Das ist ein beeindruckendes Zeichen einer Branche am Pranger. Die Landwirte wollen nicht länger die „Prügelknaben der Nation“ sein, so die Organisatoren. Das kann man verstehen. Wenn dann allerdings gewarnt wird, das Agrarpaket bedrohe das „bäuerliche Idyll“, lasse „Bauernhöfe“ und „kleine Familienbetriebe“ sterben, bald gebe es keine „Kühe auf der Weide“ mehr und keine „regionalen Lebensmittel“ in „Hofläden“ – dann reibt man sich doch verwundert die Augen.
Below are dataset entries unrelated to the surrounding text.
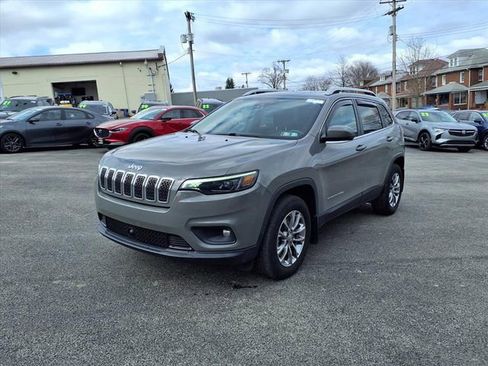 Certified 2020 Jeep Cherokee Latitude Lux w/ Comfort/Convenience Group image 3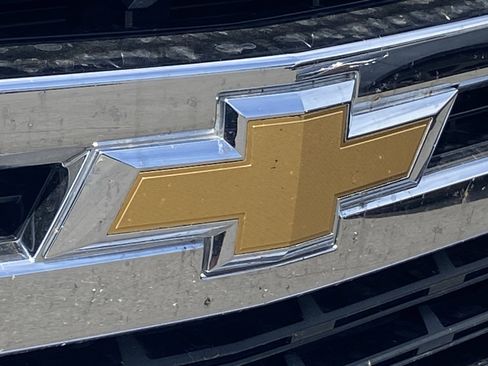 Used 2019 Chevrolet Silverado 1500 LT w/ Texas Edition image 4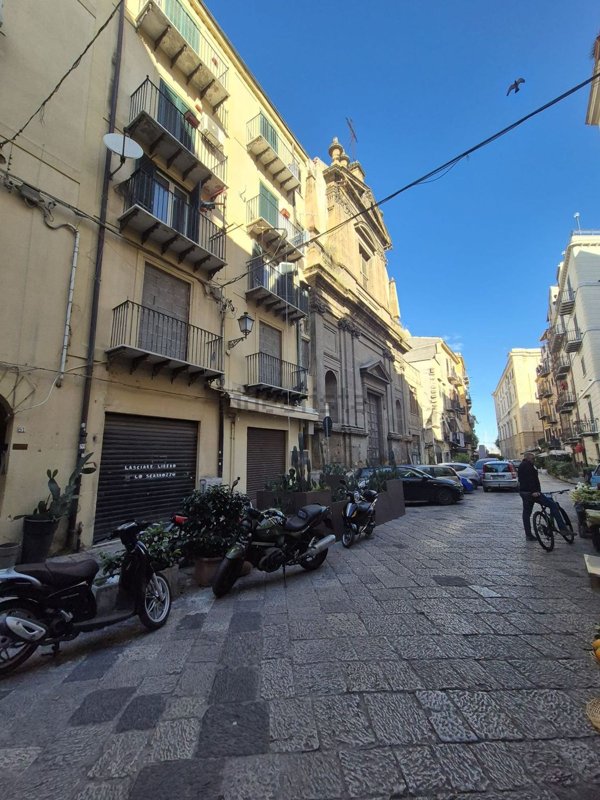 appartamento in vendita a Palermo in zona Centro storico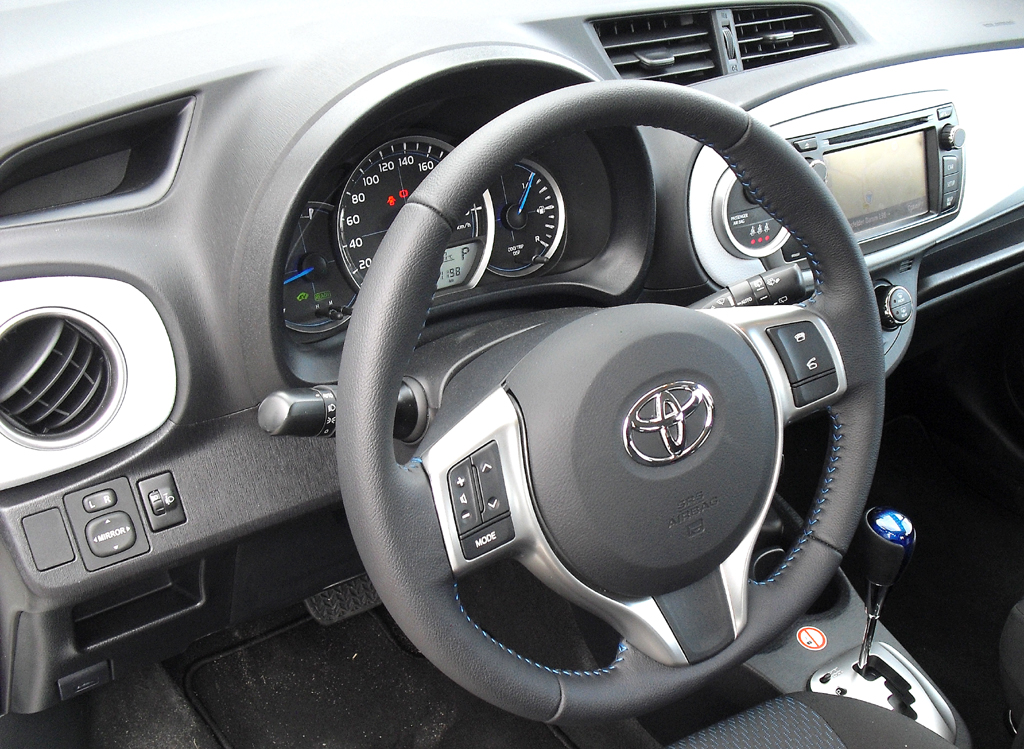 Toyota Yaris Hybrid: Blick ins Cockpit.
Bäuerliches Idyll? Fast 90 % der Betriebe in MV bewirtschaften mehr als 200 Ha Land, über 40 % sogar mehr als 1000 ha. Im Schnitt arbeiten darauf nur 1,2 Vollbeschäftigte pro 100 ha. In der Tierhaltung finden sich durchschnittlich 270 Rinder und 2155 Schweine. Betriebe mit ökologischem Landbau machen nur rund 16 % aus und sind überwiegend auch keine Kleinbetriebe (Zahlen aus der Agrarstrukturerhebung 2016). Das als „bäuerliches Idyll“ zu bezeichnen ist wohl eine contradictio in adjecto, ein innerer Widerspruch im Begriff.

Aber nichtsdestotrotz ist das Anliegen der Landwirte verständlich! Die klima-, tier- und artenschutzbesorgten Verbraucher zeigen nämlich mehrheitlich keine Bereitschaft, für Weißmehlprodukte, Milch oder Fleisch angemessene Preise zu zahlen. Und die (nationale und internationale) Politik versäumt es seit Jahren, hier besonnen steuernd einzugreifen. Die Landwirte haben in den vergangenen Jahren schon erhebliche Anstrengungen für mehr Tierwohl in den Ställen und weniger Gifte auf den Äckern unternommen, was selten irgendwo Erwähnung und nie Anerkennung findet. Und es ist den Betrieben kaum zuzumuten, in immer schnellerer Folge immer neue Sauen durch die Dörfer zu jagen. Sonst kommen unsere Lebensmittel tatsächlich irgendwann aus Regionen dieser Welt, in der es für Tier- oder Artenschutz nicht einmal Worte gibt.